A Day at the Sausage Factory
At least one senator will ask the Bush administration to disclose its reasons for asking the current archivist of the United States, former Kansas Democratic Gov. John Carlin, to resign, before approving his potential successor, Allen Weinstein.
Sen. Carl Levin, D-Mich., pointed to the White House's responsibility to provide Congress with an explanation for its decision to dismiss a sitting archivist and urged the other members of the Senate Governmental Affairs committee to join him in his request Thursday at Weinstein's nomination hearing.
This question is really the big one. "It sticks out so far that you could break it into three pieces and each one would be long enough to goose someone up in the bronx," as Saul Goodman put it. But since there is no answer for now, all we can do is speculate. So I will.
Sitting there in the audience gave me a clear view of the situation: here was a man with, as Kevin put it, not a single political bone in his body. He seemed generally flustered by the whole affair, and baffled by the Senator's questions concerning his appointment. As if he never really bothered to think about the hows and why fors of it all.
The Senators, being Good Politicians, fell all over themselves to convey that they each and every one respected Weinstein and thought he was more than qualified for the job (an assessment not shared by my fellow colleagues in the audience. Weinstein had no knowledge of the National Archives and Records Administration's long term strategic goals, something we students could easily have told him as we've all received copies of this document in numerous classes).
Of course, this really wasn't the real controversy surrounding Weinstein's nomination in the first place, but a tangential one that points to broader concerns about the Bush Administrations motivations. The real controversy concerning Weinstein has to do with Openness in Government, especially with Executive order 13233, which puts the decision to release presidential papers, not with the Archivist, as a previous law states, but at the whim of the President. And we all know what a fan of Transparency in Government Bush is.
Weinstein told Lieberman no one in the White House had instructed him he would be expected to keep presidential documents secret if he took the position.
If that had been the case, he said, he would not have been interested in the position. "No job is worth my integrity," said Weinstein, founder of the Center for Democracy, a nonprofit organization dedicated to helping emerging democracies. "The archivist's job is to advocate for access."
But Sen.
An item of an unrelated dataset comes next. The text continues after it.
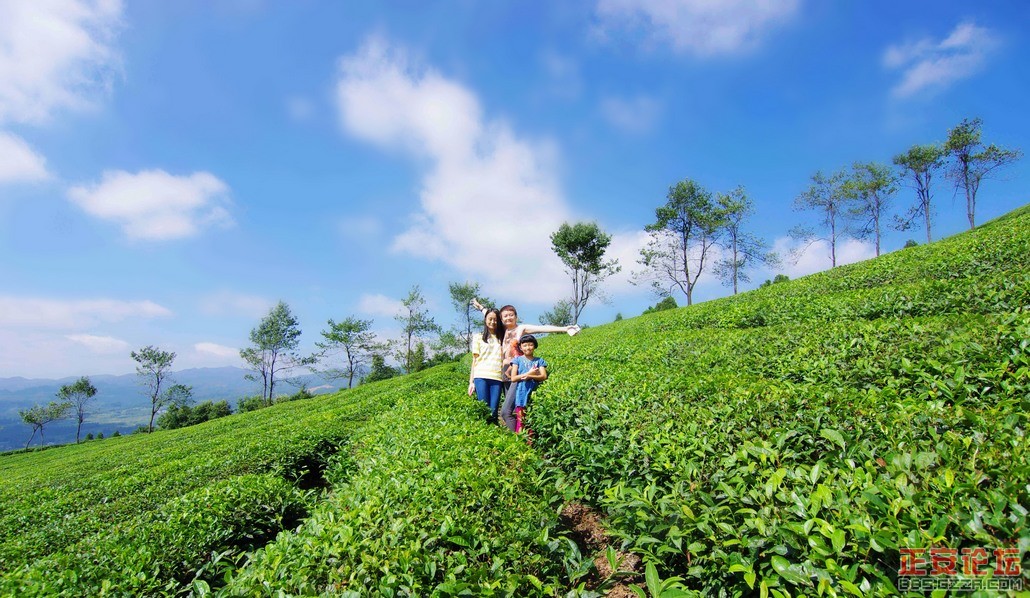 独特的石笋峰，桴焉葱翠的茶山插图11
Richard Durbin, D-Ill., said he had trouble reconciling that philosophy with Weinstein's stated intention to defend the president's executive order against court challenge.
"I think I know where your heart is, but I want to know where your lawyers will be. If your lawyers are restricting access to the presidential documents, I think you're on the wrong side," Durbin said.
At the end of the day, I was not impressed. Not with Weinstein, who strikes me as a rather frail old man, pliable in his politics and personal convictions, and not with the Senators, who really gave Weinstein far more credit than he deserved. But that's politics for you; an object lesson in how to fall up, scoring promotion based not on what your skills are, but who you know. I'd still like to know who it is that Weinstein knows and who is making the money on this deal. And since Republicans are involved, you know there's money changing hands, somewhere.
Update: edited for Fnords.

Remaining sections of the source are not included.